### [RECORDS PROVIDED]

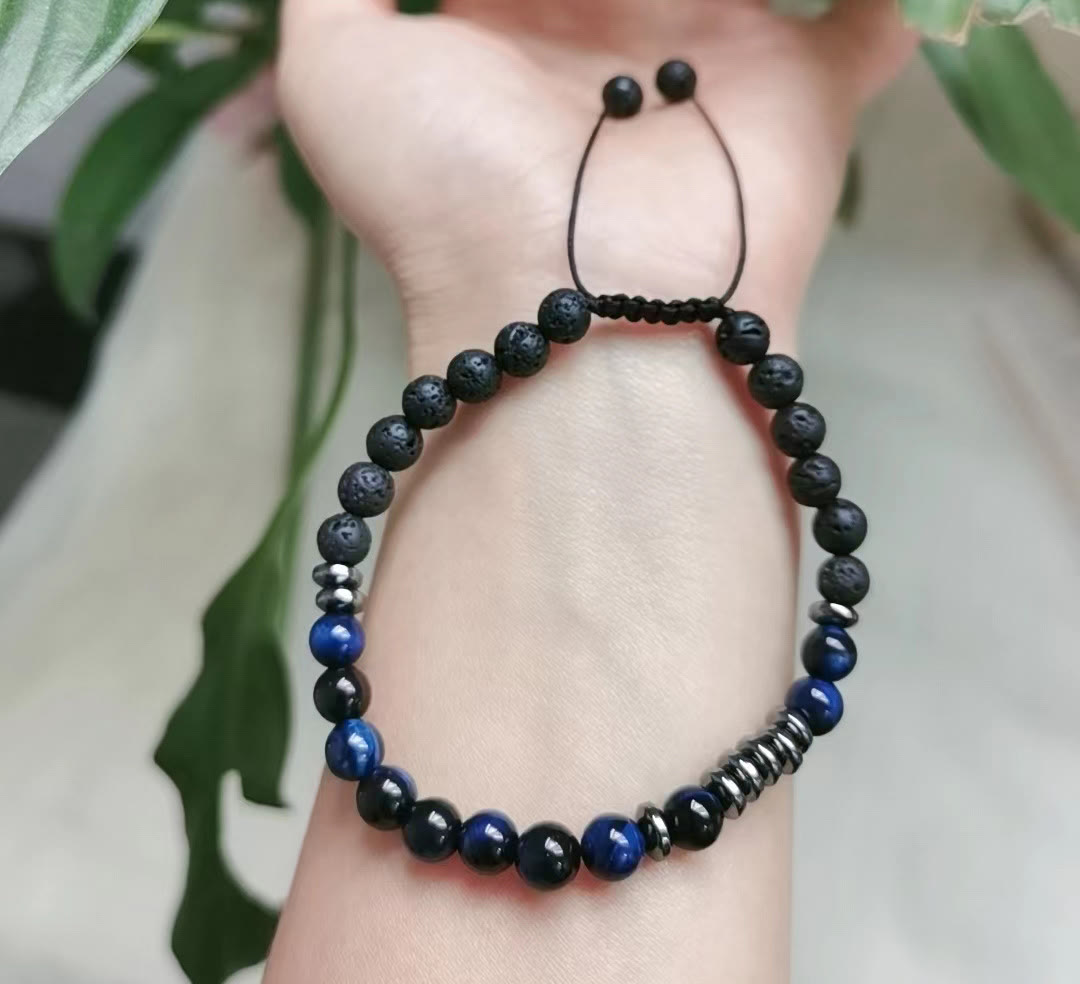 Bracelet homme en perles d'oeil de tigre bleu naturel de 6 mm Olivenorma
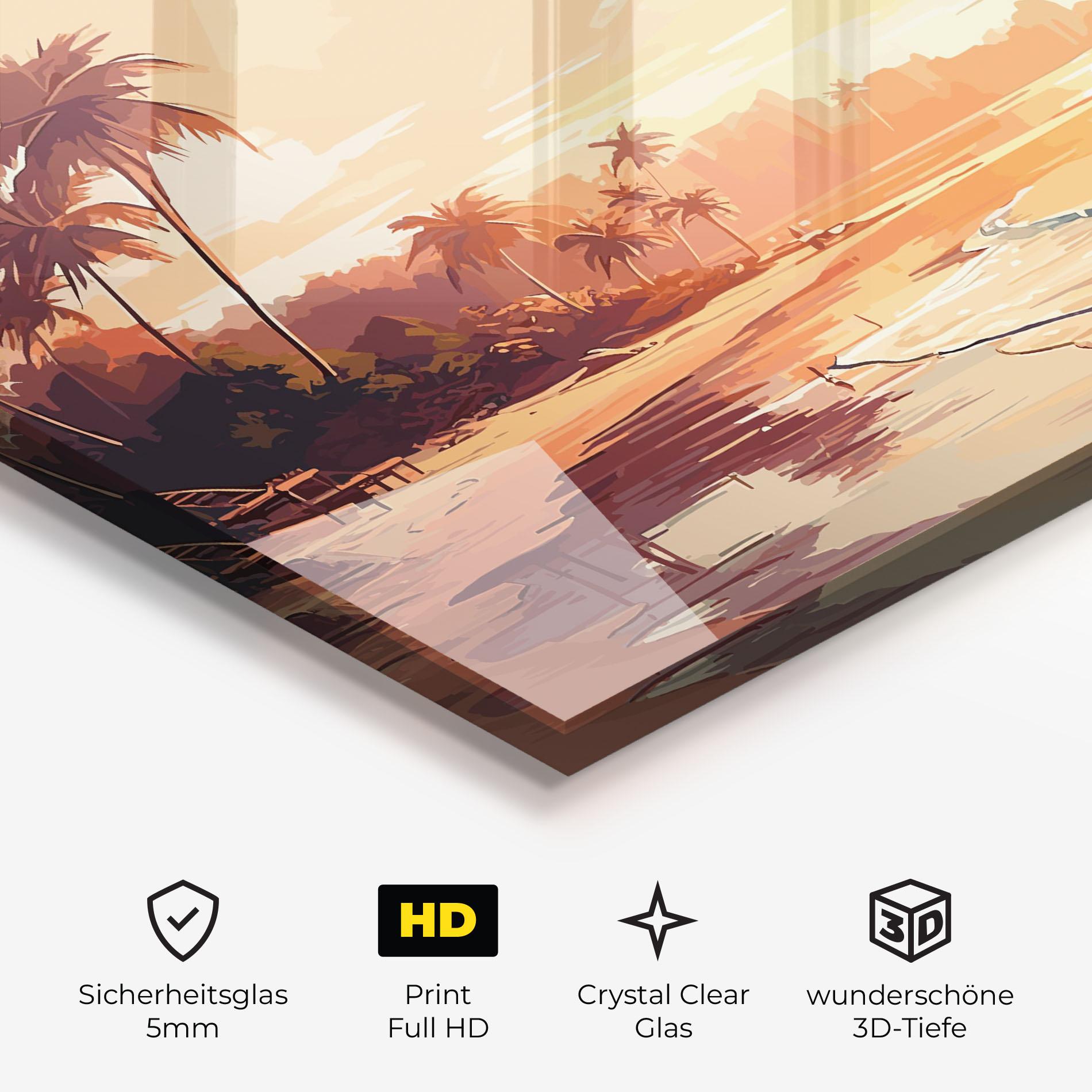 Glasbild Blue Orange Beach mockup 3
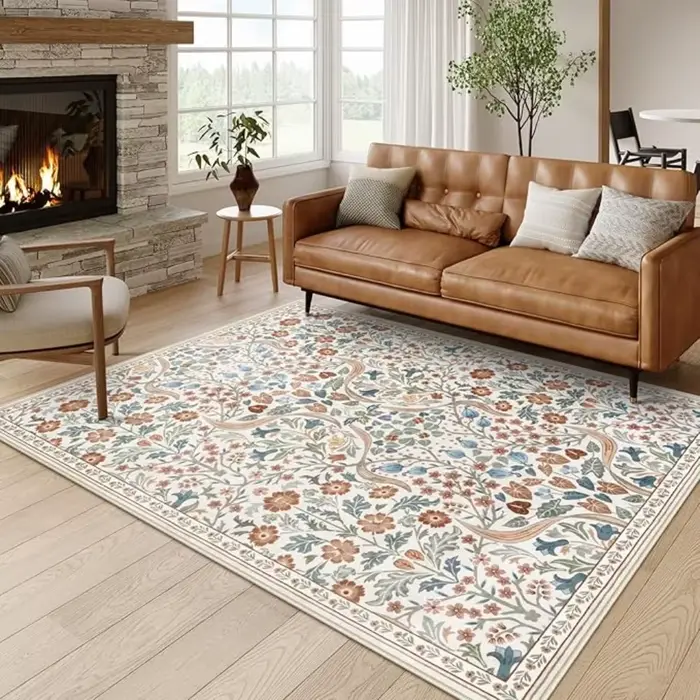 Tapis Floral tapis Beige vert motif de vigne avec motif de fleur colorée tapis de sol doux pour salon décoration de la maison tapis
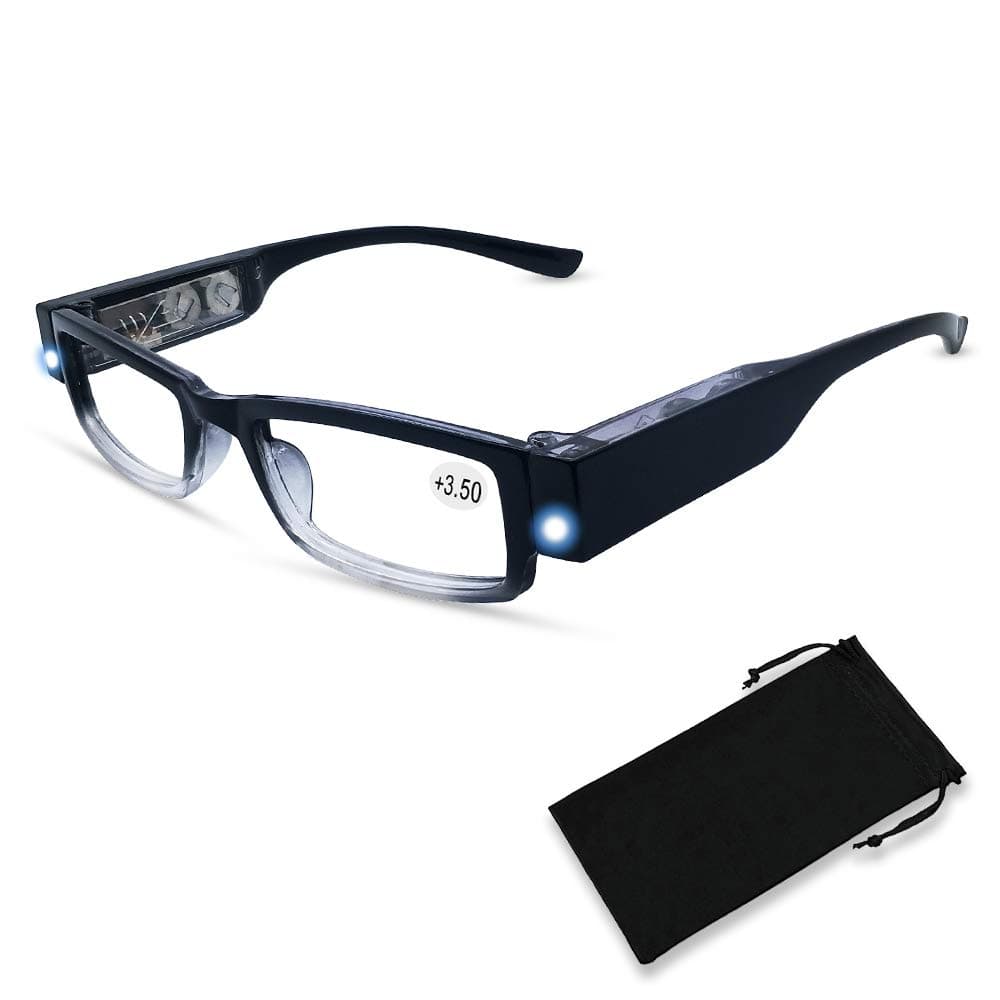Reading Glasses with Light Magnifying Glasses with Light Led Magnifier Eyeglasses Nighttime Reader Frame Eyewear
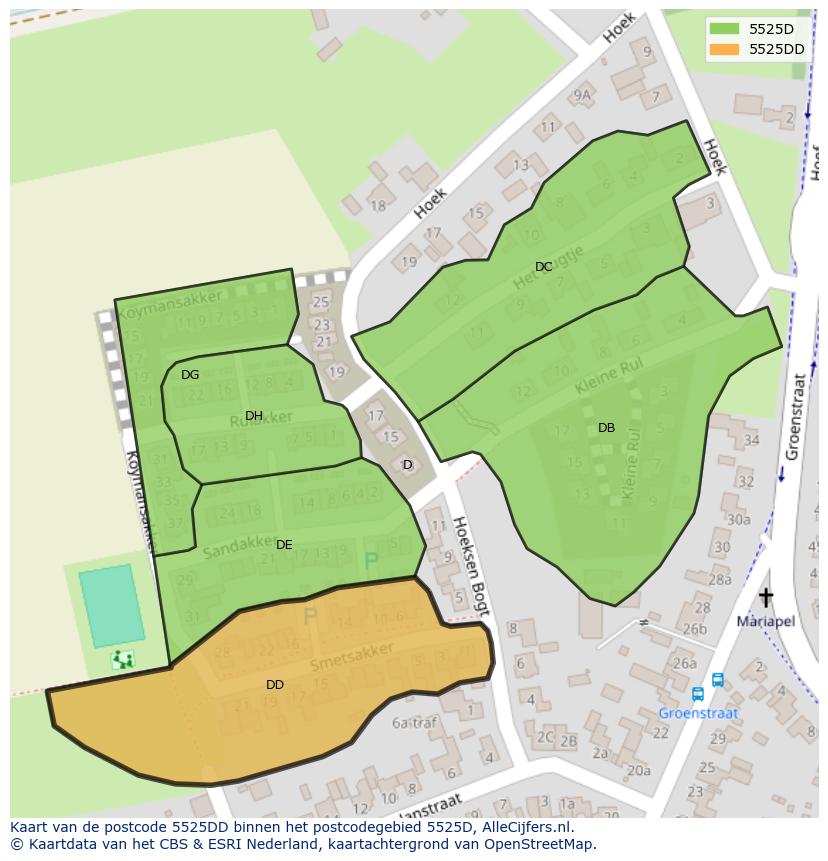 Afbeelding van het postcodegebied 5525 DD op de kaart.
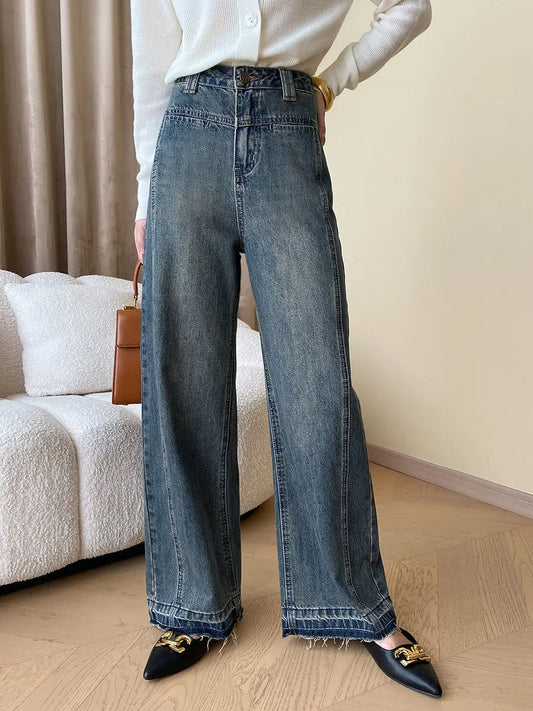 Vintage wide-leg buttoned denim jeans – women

### [WHAT IS BEING ASKED]
Print every entry above verbatim but drop the images.

### [ANSWER BELOW]
 Bracelet homme en perles d'oeil de tigre bleu naturel de 6 mm Olivenorma
 Glasbild Blue Orange Beach mockup 3
 Tapis Floral tapis Beige vert motif de vigne avec motif de fleur colorée tapis de sol doux pour salon décoration de la maison tapis
Reading Glasses with Light Magnifying Glasses with Light Led Magnifier Eyeglasses Nighttime Reader Frame Eyewear
 Afbeelding van het postcodegebied 5525 DD op de kaart.
 Vintage wide-leg buttoned denim jeans – women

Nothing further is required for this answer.